CII-CVII



CII.

Geography is destiny, I read.
An island nation optimizes space
with strict traditions meant to save us face
and hierarchies of communal need.

Where land is vast the cowboy struts his stuff.
We have such room to exercise our rights.
Asserting them, we don’t back down from fights.
The individu’l never has enough.

The empty space is filling up with souls,
the frontier long ago reduced to myth.
We must adjust to serve collective goals.

The self-sufficient lie we told ourselves
is cracking from the callous to the pith
to show us just how deep the anger delves.


CIII.

Norovirus sucks.
Nauseated, weary, sick.
Just haiku tonight.


CIV.

The Lenten lack I most acutely feel
is swearing off all purchases online
and even in this week-and-one-half’s time
the impact on my soul is proving real.

Oh, should I splurge and purchase that new book?
Now do I need another game to play?
Or how about a hat St Paddy’s Day?
Decisions such as these have been forsook.

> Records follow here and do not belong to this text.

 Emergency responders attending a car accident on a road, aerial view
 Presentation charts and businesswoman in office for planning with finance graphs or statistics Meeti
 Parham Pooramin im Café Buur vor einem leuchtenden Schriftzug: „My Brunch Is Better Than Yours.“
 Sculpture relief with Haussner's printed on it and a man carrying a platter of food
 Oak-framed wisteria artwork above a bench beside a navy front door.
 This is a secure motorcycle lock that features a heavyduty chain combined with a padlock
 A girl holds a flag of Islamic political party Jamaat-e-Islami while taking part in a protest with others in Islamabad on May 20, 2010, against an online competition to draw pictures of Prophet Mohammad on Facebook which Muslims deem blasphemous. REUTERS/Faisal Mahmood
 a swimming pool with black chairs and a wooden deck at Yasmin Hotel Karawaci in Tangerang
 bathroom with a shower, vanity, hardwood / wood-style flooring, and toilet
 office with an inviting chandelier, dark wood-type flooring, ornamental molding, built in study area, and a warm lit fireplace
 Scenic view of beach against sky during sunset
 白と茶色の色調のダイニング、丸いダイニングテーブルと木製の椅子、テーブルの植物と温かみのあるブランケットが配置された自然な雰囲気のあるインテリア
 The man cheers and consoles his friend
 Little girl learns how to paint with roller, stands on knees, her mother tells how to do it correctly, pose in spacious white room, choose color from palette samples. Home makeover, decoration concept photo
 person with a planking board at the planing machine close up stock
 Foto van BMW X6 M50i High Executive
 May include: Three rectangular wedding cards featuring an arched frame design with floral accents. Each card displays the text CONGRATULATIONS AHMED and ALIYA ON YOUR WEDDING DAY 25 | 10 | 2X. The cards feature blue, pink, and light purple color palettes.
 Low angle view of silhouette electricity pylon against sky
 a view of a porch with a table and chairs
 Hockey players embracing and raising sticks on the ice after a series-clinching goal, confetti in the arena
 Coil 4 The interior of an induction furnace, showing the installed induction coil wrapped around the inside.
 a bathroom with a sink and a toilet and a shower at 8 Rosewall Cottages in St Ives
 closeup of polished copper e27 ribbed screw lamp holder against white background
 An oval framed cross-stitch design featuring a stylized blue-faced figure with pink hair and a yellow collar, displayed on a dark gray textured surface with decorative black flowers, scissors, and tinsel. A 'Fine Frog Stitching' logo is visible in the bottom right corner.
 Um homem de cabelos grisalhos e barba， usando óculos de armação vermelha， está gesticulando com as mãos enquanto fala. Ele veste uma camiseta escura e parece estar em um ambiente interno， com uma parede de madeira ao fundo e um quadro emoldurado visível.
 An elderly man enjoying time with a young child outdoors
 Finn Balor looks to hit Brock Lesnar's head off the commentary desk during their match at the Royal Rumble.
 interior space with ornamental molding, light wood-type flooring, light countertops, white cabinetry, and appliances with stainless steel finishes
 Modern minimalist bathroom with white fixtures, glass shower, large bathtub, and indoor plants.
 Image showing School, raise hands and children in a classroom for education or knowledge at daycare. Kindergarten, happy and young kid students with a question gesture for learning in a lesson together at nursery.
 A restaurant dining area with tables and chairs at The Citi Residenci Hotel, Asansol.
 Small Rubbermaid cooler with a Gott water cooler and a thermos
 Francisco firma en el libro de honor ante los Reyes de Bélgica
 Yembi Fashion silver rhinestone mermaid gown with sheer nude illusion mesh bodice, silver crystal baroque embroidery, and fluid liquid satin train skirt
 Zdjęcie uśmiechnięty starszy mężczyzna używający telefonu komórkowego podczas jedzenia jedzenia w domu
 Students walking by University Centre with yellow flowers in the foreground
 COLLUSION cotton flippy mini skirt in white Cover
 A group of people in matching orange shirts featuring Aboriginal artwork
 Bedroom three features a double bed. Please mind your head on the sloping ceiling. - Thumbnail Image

I find the lack of option liberates.
The nonessential lives up to its name.
Insatiability at last abates.

How many things I’ve bought I’ll never need!
How many years I’ve wasted at this game,
so anxious ever to indulge my greed.


CV.

I have a little fire deep within,
an urging anxious ember in my breast
that goads the heart with little thought for rest
aggressively, with just an edge of sin.

It’s driven me my whole life to achieve
to learn and grow and ever question why,
to seek for something right up ‘til I die,
the fear of failure nipping at my sleeve.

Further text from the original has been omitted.